Working Girls
New York magazine|April 25-May 8, 2022
Grace and Frankie may be ending, but the era of Jane Fonda–Lily Tomlin collaborations is in full swing.
By E. Alex Jung
Working Girls

OVER THE DECADES, Jane Fonda’s and Lily Tomlin’s careers have hopscotched through various social spheres and weathered political crises and middle-aged invisibility to return with a late-career renaissance during the streaming wars. On Grace and Frankie, Netflix’s longest-running original series, the final episodes of which air April 29, they play rivals turned besties when their husbands fall in love with each other.
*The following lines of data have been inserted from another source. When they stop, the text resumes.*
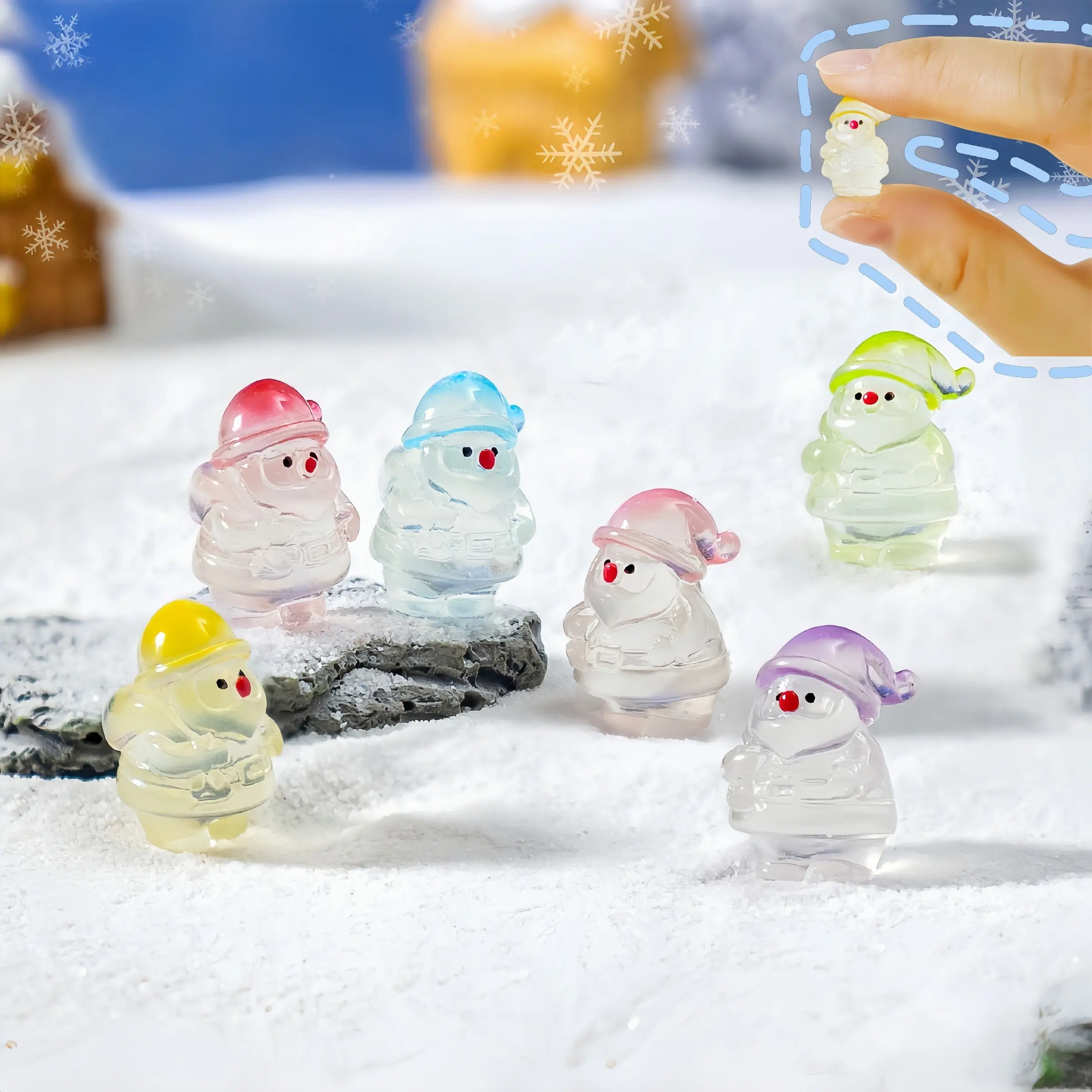 Glow in The Dark Christmas Santa Figurines, 12/24PCS Mini Cute Santa Decor with Snow Scene, Novelty Party Favors, DIY Miniature Models, Home Desk Decorationz,Multi-functionalz, Resin Ornament, Christmas Decorations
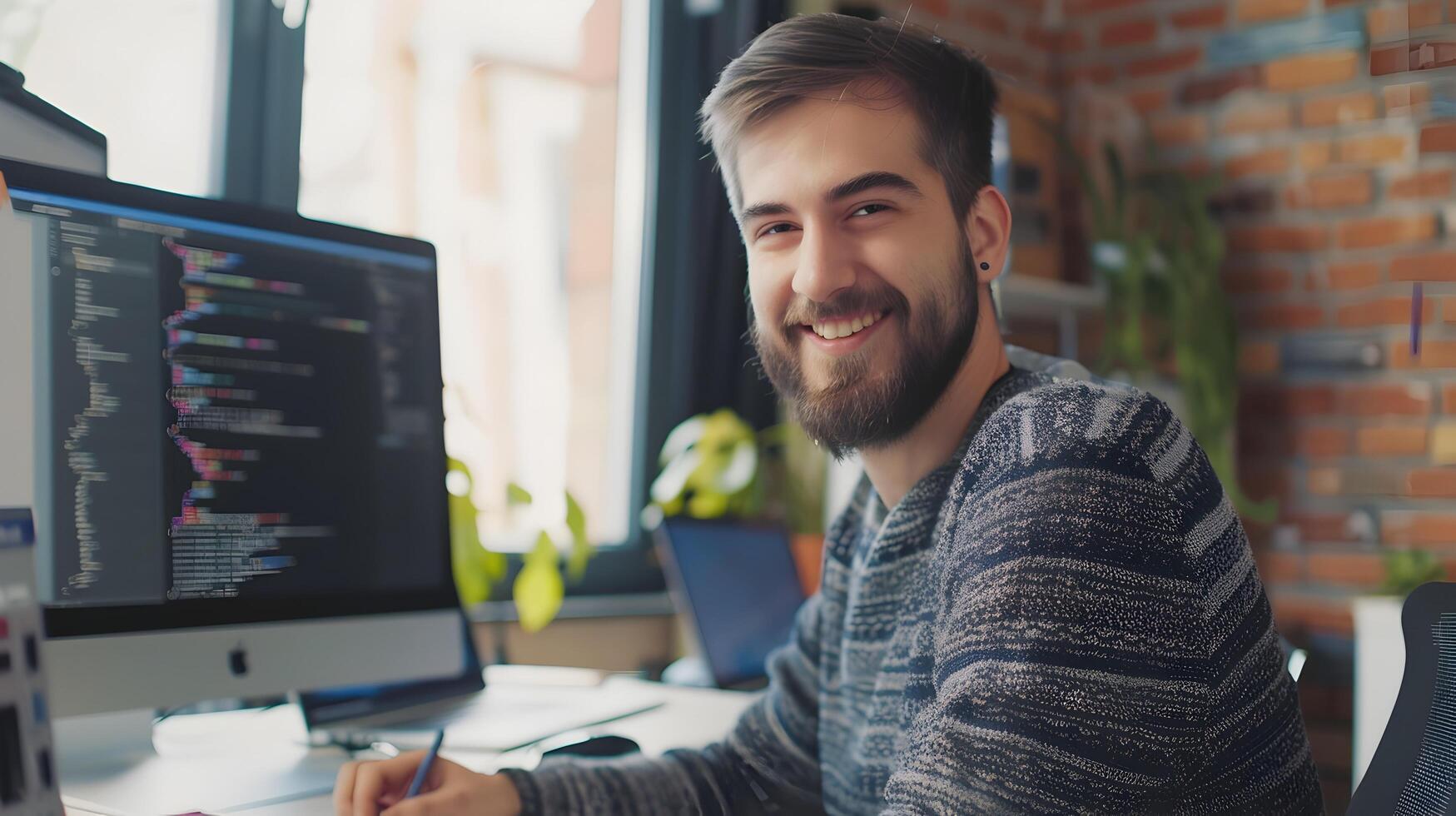 Cheerful Web Developer Coding at Computer in Modern Office photo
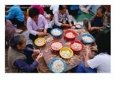 Women Peeling Prawns On Table In Cheng Chau, Hong Kong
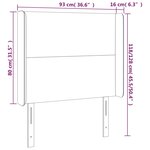 vidaXL Tête de lit à LED Crème 93x16x118/128 cm Tissu
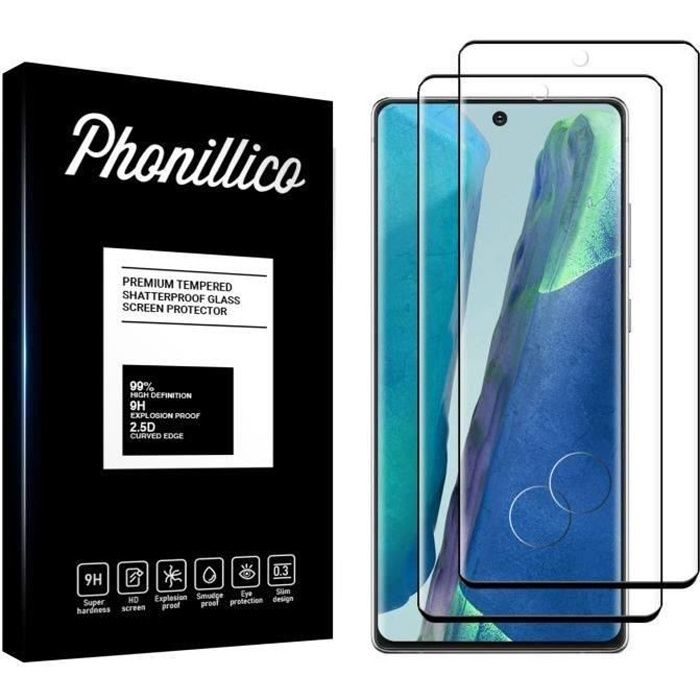 Verre Trempe pour Samsung Galaxy NOTE 20 [Pack 2] Film Transparent Bord Noir Vitre Protection Ecran Phonillico®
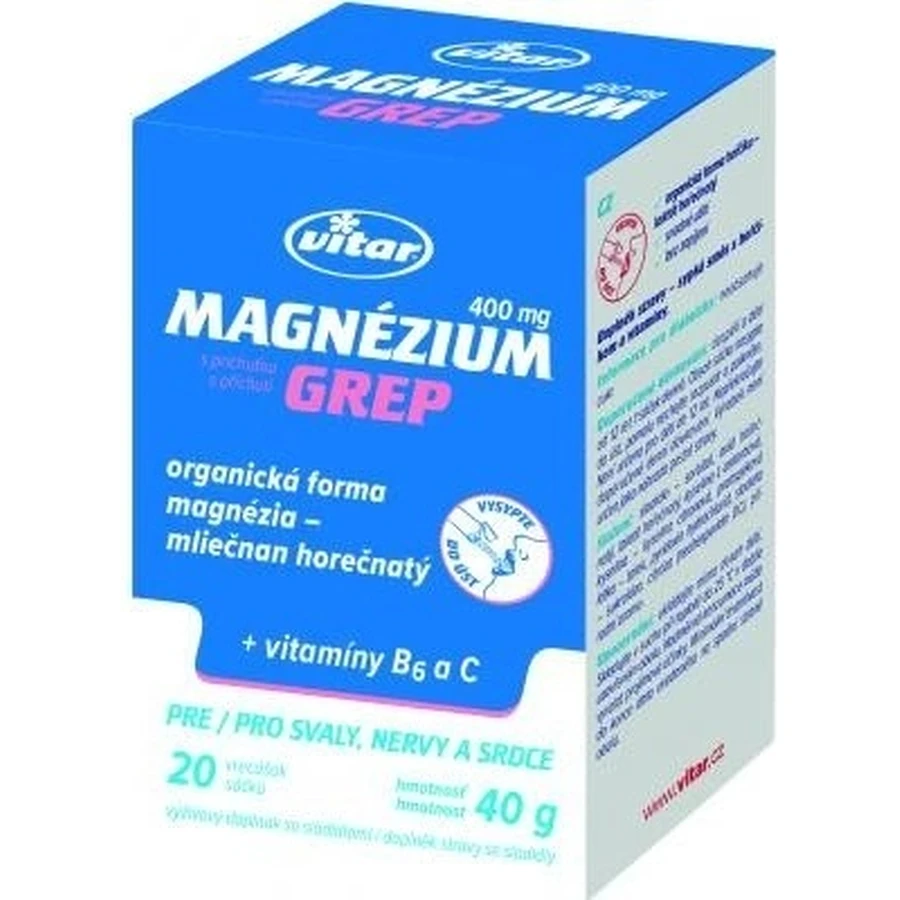 MAGNESIUM 400MG+B6+C 20 Stück GREP VITAR 1x20 Stück, Beutel mit Grapefruit-Geschmack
Meeting over Zoom, Fonda, 84, in full incognito soccer-mom regalia— sunglasses, a beanie, and an eggplant tracksuit she will zip up to her chin— is forthright about what she would and wouldn’t like to talk about; Tomlin, 82, in a brown jacket and chunky necklace, is more improvisational and circumspect. Fonda has described her life as being determined in some part by men (her father, her husbands), but onscreen, she feels most herself with Tomlin as her closest conspirator.

Who would you slap at the Oscars if you had a chance?

LILY TOMLIN: I’m not too good at slapping. I wouldn’t.

JANE FONDA: I wouldn’t slap anybody at the Oscars. There’s people I’d slap somewhere else.

What do you think about the entire situation?